Sunday, January 22, 2012

Portland’s Planning Oasis

Portland, Oregon constantly wins Best City awards.  CNN named it in their 2010 Best Places to Live.  Popular Science ranked it “The Greenest City in America.” In his essay The Capital of Good Planning, Carl J. Abbott boastfully walks readers through a 30 year history of Portland’s planning and policy initiatives.  But despite successfully executed initiatives, Portland must attribute the bulk of its current urban landscape to a convenient lack of political conflict.

Due to its distance from the South, after reconstruction the northern migration of African-Americans never reached Oregon in the far Western corner of the country.  The greater metropolitan Portland records only a 3% black population.  As a result, Portland never experienced suburban white flight, naturally segregated neighborhoods, nor exclusionary zoning laws.  With racism a non-issue in Portland’s political arenas, mixed income residential zones never encountered paralyzing opposition that so often limits progressive policies. Tellingly, policies force the few existing suburbs to provide “appropriate types and amounts of land…necessary and suitable for housing that meets the housing needs of households of all income levels.”  These regulations mostly pointedly restrict suburbs, quintessential symbols of white flight, from enacting exclusionary zoning laws.  Without this “push-factor,” Portland’s residents never abandoned the center city.*

Portland's Urban Growth Boundary
Without suburbs, statewide political discussions evolved into a system of two distinct powers: rural farmers and city dwellers.  These two demographic forged a usually unexpected coalition.  One side seeks to protect the state’s agricultural economy while the other wants to promote city density.  Agricultural Republicans fight off dominating pressures from suburbs.  Environmentalist Democrats work to limit sprawl’s land consuming impacts.  The two create a powerful alliance with a common goal to concentrate development in the Portland’s center.  State programs advocate for the preservation of farmland alongside strict definitions of urban growth boundaries.  Since agricultural and density ideals are not in conflict, as often times these politically polarizing topics can be, the Farm Bureau and the city-centric Democrats established the Land Conservation and Development Commission, forging a convenient, yet cohesive marriage in Oregon.

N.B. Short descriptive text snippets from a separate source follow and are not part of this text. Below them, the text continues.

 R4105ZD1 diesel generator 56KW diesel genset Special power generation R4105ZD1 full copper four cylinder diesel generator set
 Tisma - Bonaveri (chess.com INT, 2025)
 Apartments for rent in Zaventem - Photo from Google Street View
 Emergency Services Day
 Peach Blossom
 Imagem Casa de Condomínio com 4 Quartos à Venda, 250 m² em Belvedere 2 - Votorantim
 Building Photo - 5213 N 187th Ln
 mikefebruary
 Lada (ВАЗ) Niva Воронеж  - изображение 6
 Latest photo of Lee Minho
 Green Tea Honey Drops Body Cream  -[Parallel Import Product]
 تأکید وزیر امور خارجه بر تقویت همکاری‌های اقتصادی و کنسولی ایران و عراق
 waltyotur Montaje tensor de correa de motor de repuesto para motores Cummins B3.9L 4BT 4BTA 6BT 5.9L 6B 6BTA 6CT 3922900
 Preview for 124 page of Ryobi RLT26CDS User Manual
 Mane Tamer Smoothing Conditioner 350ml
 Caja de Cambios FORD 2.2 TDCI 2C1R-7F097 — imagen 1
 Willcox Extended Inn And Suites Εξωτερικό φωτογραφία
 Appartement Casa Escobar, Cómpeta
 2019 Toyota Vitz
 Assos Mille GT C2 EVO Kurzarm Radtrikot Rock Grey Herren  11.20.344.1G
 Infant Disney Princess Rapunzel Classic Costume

Within the city proper, another unlikely union thrives, as both business and community interests benefit economically from a compact Portland.  Portland’s planning initiatives “focus activity on downtown.  In turn, a vital business center would protect property values in surrounding districts and increase their attractiveness for residential reinvestment.”  Property and business owners reap the financial rewards.  But communities also benefit as the central district’s “economic prosperity would support high levels of public services.”

Density inherently keeps infrastructure costs low, so the city can provide more for less.  This circularly keeps residents close to public parks and public transportation networks, which then increases the city’s ability to provide even more public services.  An uncharacteristically high 43% of Portland’s workforce travels to jobs using the city’s bus and train systems.  In another West Coast capital, Sacramento, that percentage drops to 11%.  A survey polling residents about their fears of the future of Oregon found one of top responses “becoming like California.”  Oregonians take pride in the society they have developed for themselves.

Further allying business and residential interests, mixed-use neighborhoods in Portland create a common goal atmosphere in the central business district and in communities.  This leads to the view that anyone within “five miles of the central business district” shares in the benefits of center city development and city-centric allocation of resources.  While highways typically encourage suburban sprawl, Portland’s freeway loops around the central business district instead of connecting the city to a suburban system of outer rings.  This inner-city freeway promotes the further establishment of the prominent city center.  Without adhering to suburban stakeholders, the city’s density mutually serves business and community wellbeing with one single set of jointly beneficial resources.

However, pacified political cohesion keeps the city’s development model and growth strategy from becoming a replicable standard in larger metropolitan contexts.  The same is often used in critiques of similar small cities like Vancouver.  Portland’s demographic make-up discourages suburbanization proponents as those voices get pushed to other cities in the region (the NIMBY, Not-In-My-Back-Yard, problem.)  Existing political coalitions builds unconquerable hurdles for opposition (like when voters “overwhelmingly” opted against paying for a trans-Columbia rail track).  Suburbanization will happen; just not around Portland. 

Hopes of reproducing Portland’s idealistic successes expose questions as to whether or not Portland’s growth model could sustain larger scale implementations.  Conventional thinking would suggest that a city that wins so much praise should provide an example of development and growth that others try to emulate.  But with a unique ability to build with a single, cohesive political vision, Portland efficiently invests its resources back into a city center – a home to businesses and residents alike, a home to one of America’s “most livable” cities.


*“Pull-factors,” such as the post-WWII economic boom that generally led to US suburbanization, also failed to reach Oregon, as the state experienced an industrial decline during this pivotal time period.